I force consistency using a simple middleware. If I’m building a public API, I usually stick to something JSend-ish. It’s predictable. Front-end devs love predictable.
// middleware/responseHandler.js
// Success handler isn't middleware per se, but a helper
export const sendSuccess = (res, data, code = 200) => {
res.status(code).json({
status: 'success',
data: data
});
};
// Global Error Handler (Express 5 style)

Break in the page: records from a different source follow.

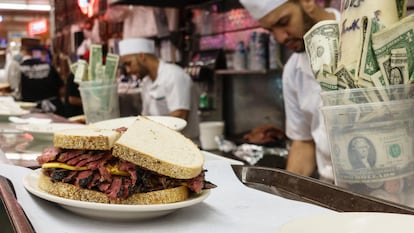 Chefs at New York restaurant Katz's Delicatessen, in 2017.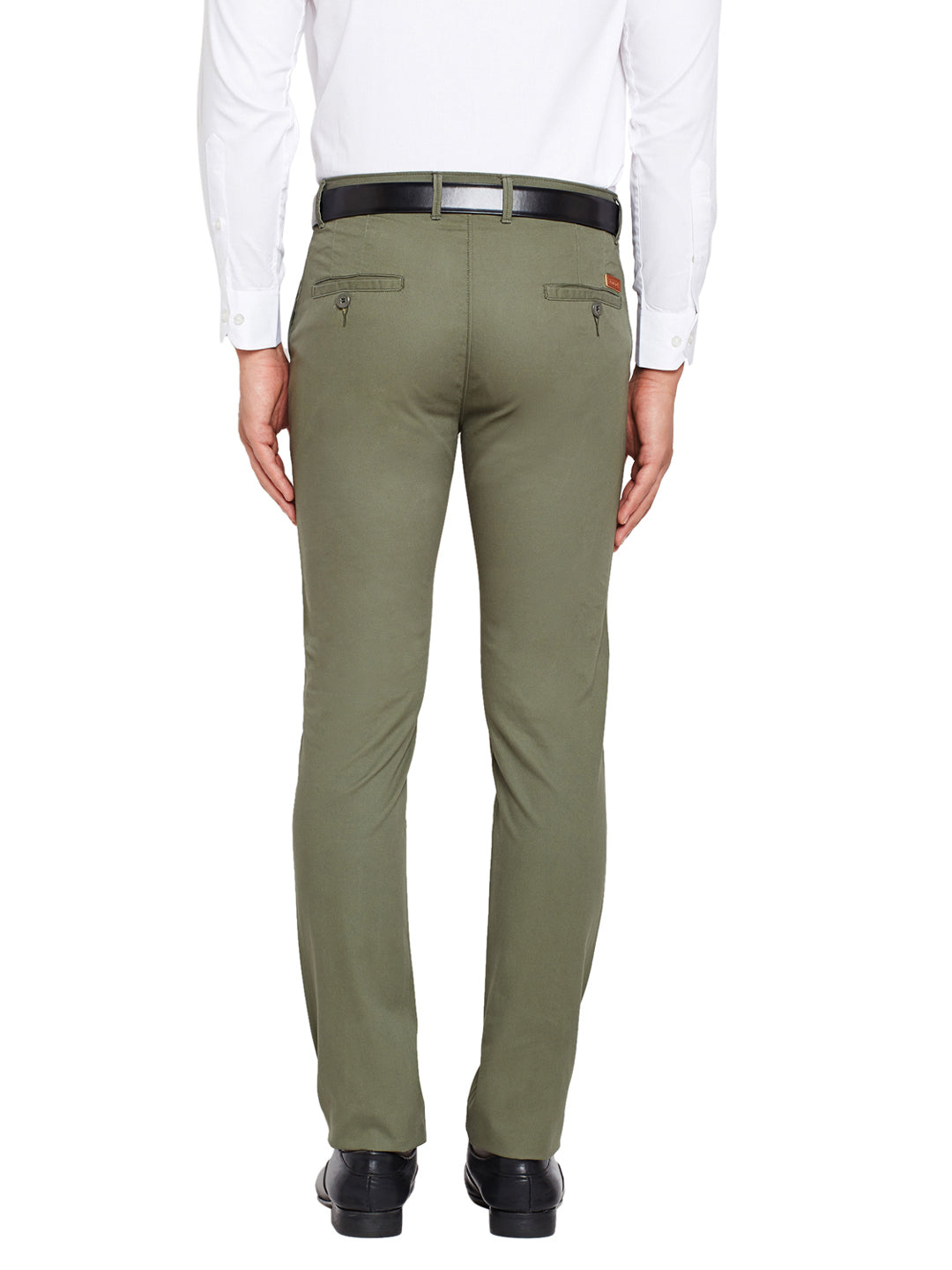 Men Olive Self Design Solid Stretchable Mid Rise Slim Fit Chinos Trouser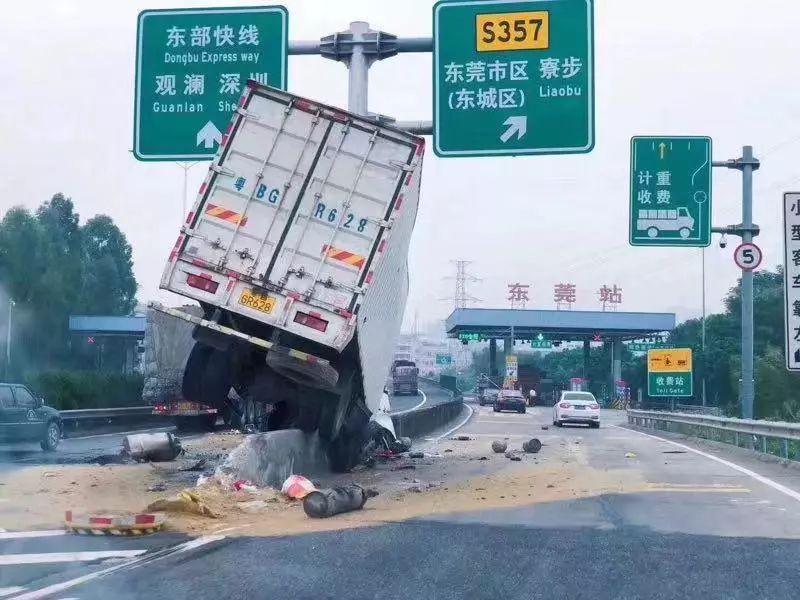 东莞高速车祸最新消息图片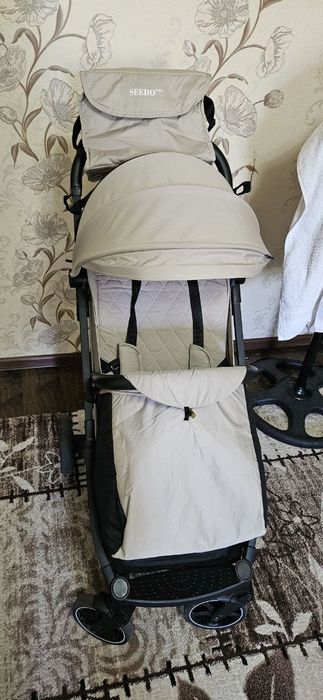 Коляска почти как новая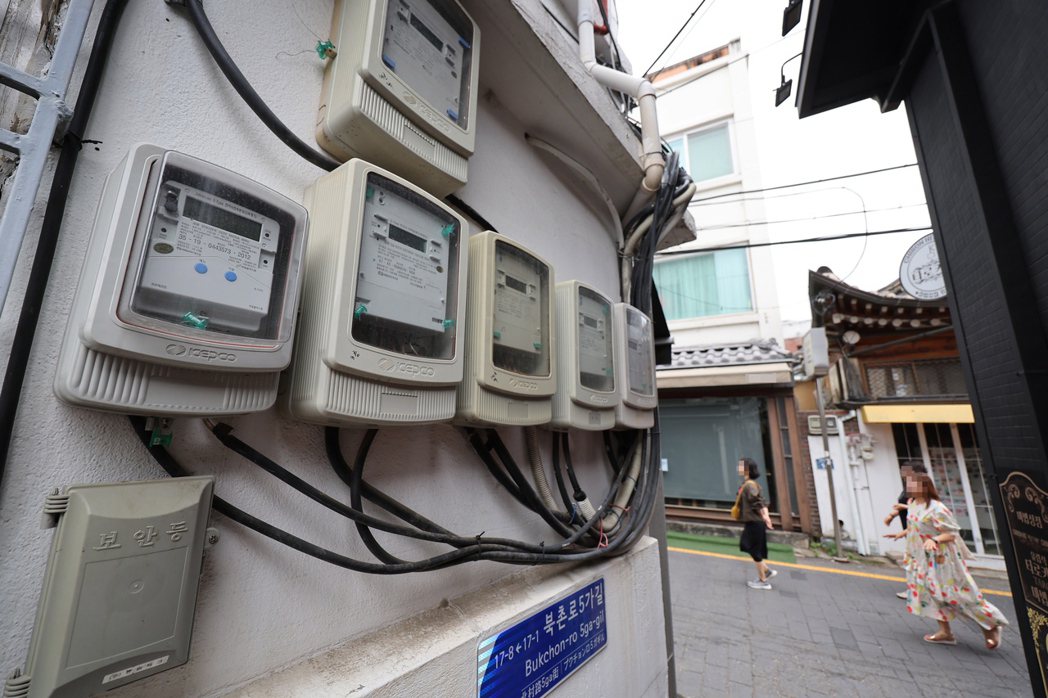南韓電力公司27日宣布，單位電價每度調高5韓元，漲幅0.4%，工業部宣布家庭及企...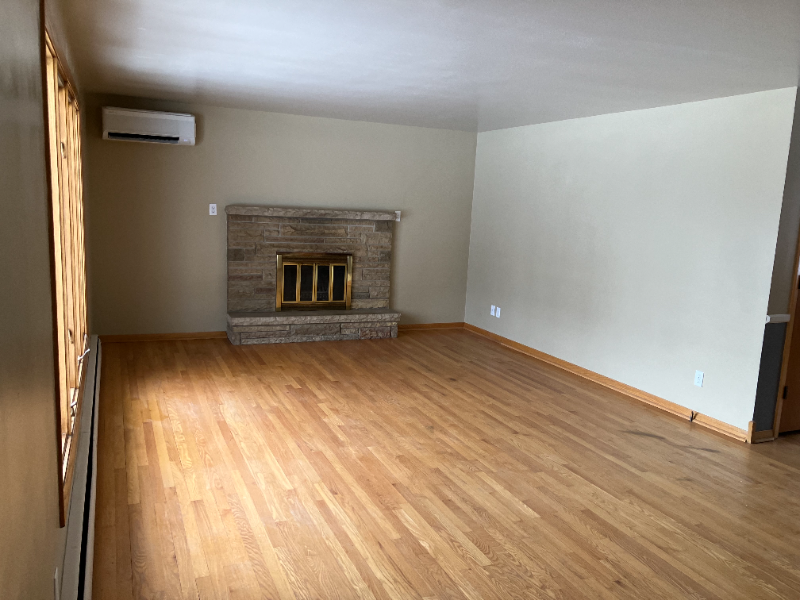 1275 Kellogg St - Photo 3 of 12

export const errorHandler = (err, req, res, next) => {
console.error(err.stack); // Log it properly in real life
const statusCode = err.statusCode || 500;
const message = err.message || 'Internal Server Error';
res.status(statusCode).json({
status: 'error',
message: message,
// Only show stack in dev, obviously
...(process.env.NODE_ENV === 'development' && { stack: err.stack })
});
};Then in your app.js, you just plug it in at the end.
// app.js
import express from 'express';
import routes from './routes/index.js';
import { errorHandler } from './middleware/responseHandler.js';
const app = express();
app.use(express.json());
app.use('/api/v1', routes);
// This catches anything thrown in async routes automatically in Express 5
app.use(errorHandler);
export default app;Why This Still Matters in 2026
I know, I know. “Why aren’t you using [Insert Framework of the Month]?”
Because architecture isn’t about the tool; it’s about the boundaries. Whether you are using Express, Fastify, or running raw code on V8 isolates, mixing your transport layer (HTTP) with your business logic is always a bad idea. It makes refactoring a nightmare.
I recently had to migrate a project from a REST API to a GraphQL setup. Because we had all our logic in “Services” and not locked inside Express route handlers, the migration took three days instead of three months. We just wrote new GraphQL resolvers that called the existing services. Easy.
So, do yourself a favor. Open your routes folder. If you see database queries, start extracting. Your future self—the one debugging production at 2 AM—will thank you.